This isn't just a show of numbers. Various online observers suggest that the current operation represents about half of China's Type 055 fleet and roughly 15 per cent of its Type 052D and 054A ships – a deliberate concentration of capability. The upcoming commissioning of the CNS Fujian – China's third and most advanced carrier, featuring catapults allowing a bigger and more capable air wing – will make the PLAN without question the second most powerful navy on the planet.
What's less visible but equally significant is the all but certain presence of China's new 093B nuclear attack submarines, operating quietly beneath the waves. It is safe to assume that each PLAN group, just like an American or British one, will have a nuclear sub keeping watch below.
Taiwan's Ministry of National Defence has tracked more than 1,350 PLAN vessels operating around the island in 2025 – up 26 per cent year-on-year. During the last week of May alone, over 70 ships were observed across the broader region.
This isn't an exercise. It's a pressure campaign. And it's sending signals not just to Taipei, but to everyone.
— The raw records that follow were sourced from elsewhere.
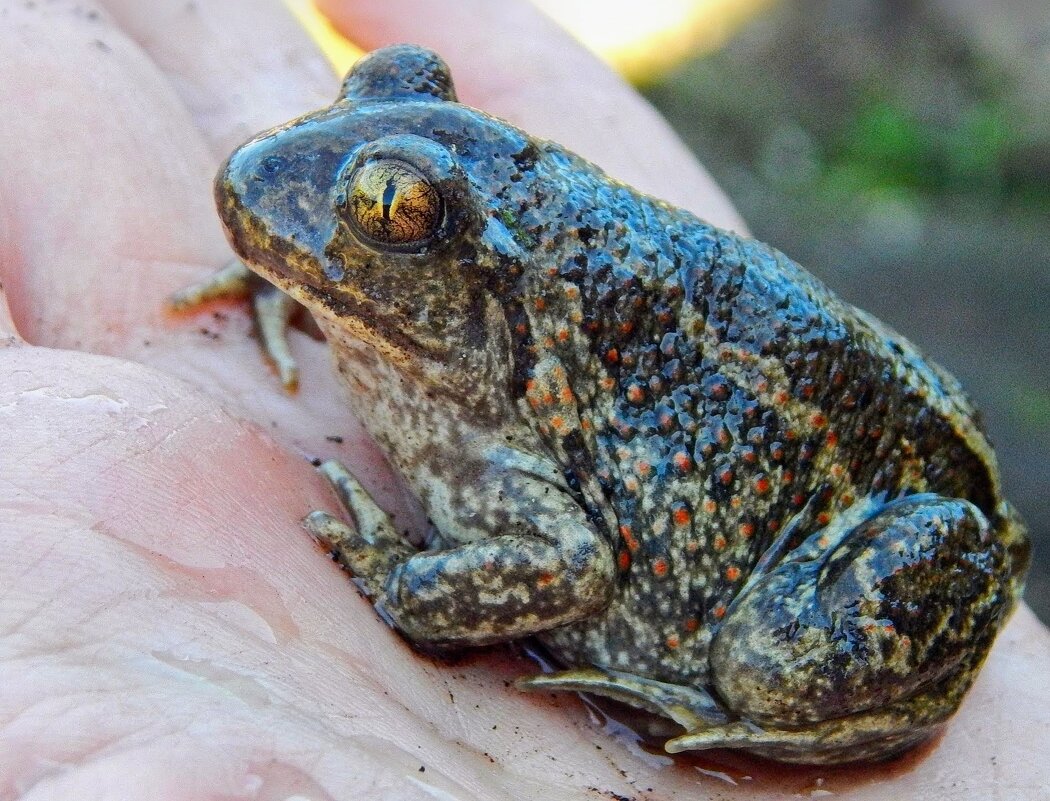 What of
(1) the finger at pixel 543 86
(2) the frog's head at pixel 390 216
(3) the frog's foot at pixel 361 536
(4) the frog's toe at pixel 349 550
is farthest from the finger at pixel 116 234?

So what now for the United States and its allies?
At a recent Senate Armed Services Committee hearing, Secretary of the Navy John C. Phelan was clear: 'We need more ships, a stronger industrial base, a warfighter culture, and real investment in our people. If it doesn't add to our readiness, we will not fund it.' It's no surprise that this punchy quote appeared in our Strategic Defence Review published last week.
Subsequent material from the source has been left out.